公正証書遺言でも安心しきってしまうのは危険です

 


公正証書だからといって安心しきってしまうのは危険です…
多くの方は公正証書遺言作成を選択されていますが、公正証書だからといって安心しきってしまうのは危険でございます。
なぜでしょうか…?

公正証書遺言は公証人の認証を受けて作成することから自筆証書遺言と異なり、作成要件を満たしていない、ということはほとんどございません。
しかしながら…、作成要件を満たしていても、検討すべき事項が検討されていない遺言書ですと、公正証書遺言でも安心はできません

例えば、
・一部の財産についてだけ言及した遺言書です
(主要な不動産以外の財産を無視した遺言書は、預貯金の扱いが争いの火種になる可能性がございます。)

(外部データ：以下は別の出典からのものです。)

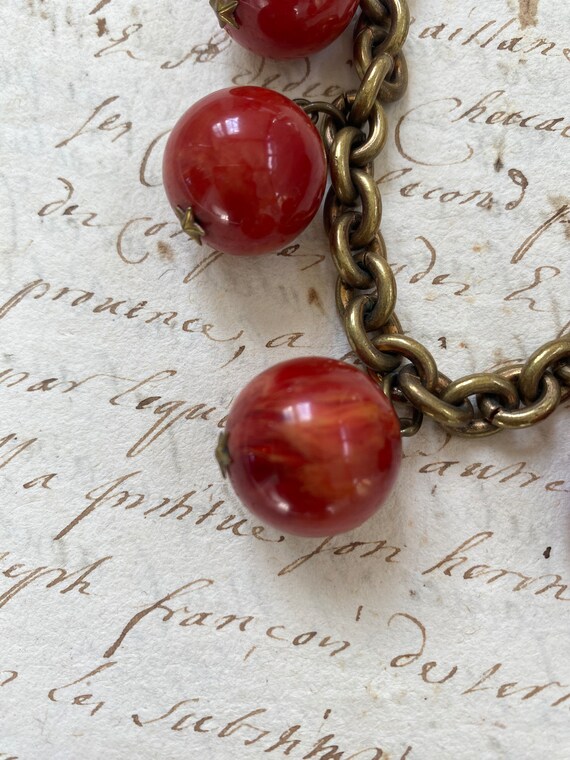 Vintage Brass Chain Link Bracelet With Bakerlite … - image 4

・子のいない夫婦がお互いに財産をわたすように充てた遺言書です
(夫婦のどちらか先にお亡くなりになった場合、残された側の書いた遺言書は実質的に意味をなさなくなります。
結果的に後々遺言書を書いていない場合と同じ法定相続が起こります。)

・不動産は長男、預貯金は次男に相続させるとした遺言書です
(不動産ばかりをもらう長男は、現金一括払いが原則の相続税をどうやって支払うのか不安が残ります…。)

などは、実は公正証書でも作成できてしまいます。
これらの遺言書は重要な事項の検討が漏れていて、残されたご家族に大きな問題を生む可能性があっても…、「法的に無効というわけではない」ためでございます。

公正証書遺言でも、検討されていない事項があると、安心できないことがご理解いただけたかと思います。
せっかく作成した遺言書でも、争いが起きてしまっては残されたご家族に申し訳ないですよね…。
公正証書での遺言作成をお考えの方も、遺言書の起案は是非専門家に一度相談されることをお勧めします。